On the other hand, acardiotrophy is caused by starvation, debilitating diseases (cancer, etc.), and senility, myocardial fibers become thinner, and the nucleus becomes concentrated and exhibits anisocytosis. As a result, the volume of muscle fascicles is decreased, the heart as a whole becomes smaller, the size of subepicardial adipose tissues is clearly decreased, and coronary arteries become curved. A consumable dye (lipofuscin) appears at both ends of the nucleus of myocardial fibers as a brown dye, and along with the reduction of adipose tissues, the entire heart displays a brown color.

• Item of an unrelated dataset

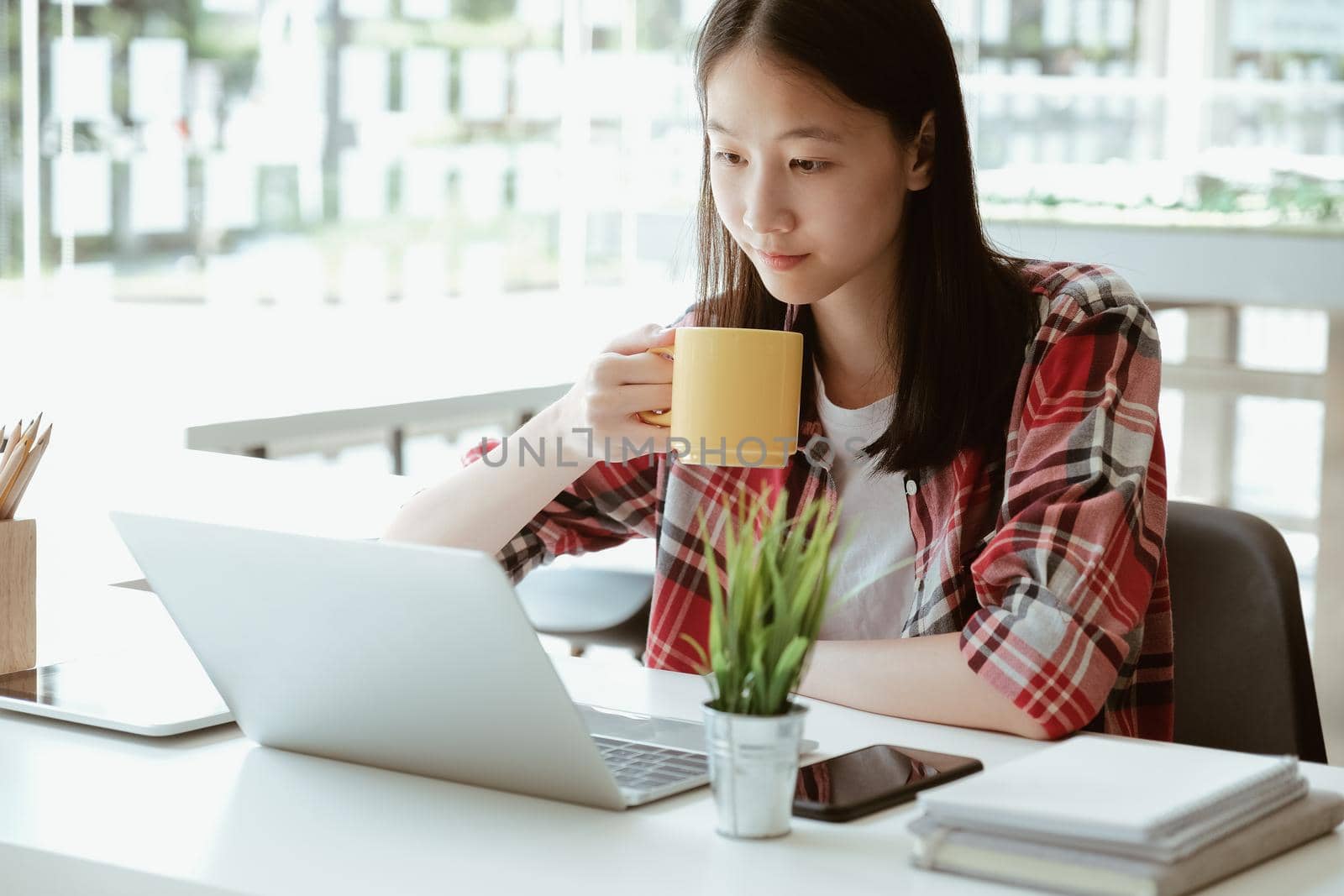 girl teenager college high school student studying with computer laptop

The treatment methods for sarcopenia include three methods. The first method is exercise. Exercise improves, in the short term, the ability of the protein synthesis of skeletal muscles, and it has been reported to increase muscle strength and mobility in the elderly. However, exercise is not appropriate as a long-term treatment method. The second method is, as a drug treatment, the administration of testosterone or anabolic steroids, but this induces masculinization in females, and in males, side effects such as prostate symptoms may occur. For the other approved method, dehydroepiandrosterone (DHEA) and growth hormones are available, and a study was reported that it is possible to apply these as a treatment method at a region including selective androgen receptor modulators (SARMs) (D. D. Thompson, J. Musculoskelet Neuronal Interact 7, 344-345, 2007). In particular, although diet has been known as a treatment method, malnutrition and modern eating habits are inappropriate for maintaining the proper total body mass, according to a nutritional assessment.

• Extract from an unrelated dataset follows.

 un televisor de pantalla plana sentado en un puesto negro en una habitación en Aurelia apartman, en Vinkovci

Recently, stem cell therapy, in which satellite cells are isolated and differentiated in vitro so that they are introduced into the body, and the method for directly activating satellite cells in the body to promote myogenesis in order to maintain or strengthen the muscle are being highlighted as possible treatment methods for treating muscle weakness such as sarcopenia (Shihuan Kuang, and Michael A. Rudnicki, Trends in Molecular Medicine 14, 82-31, 2008).
Therefore, in order to treat diseases associated with muscle weakness, a method for differentiating myoblasts is demanded as a more fundamental method without side effects, and as a result, the development of a substance capable of promoting the differentiation of myoblasts is highly necessary.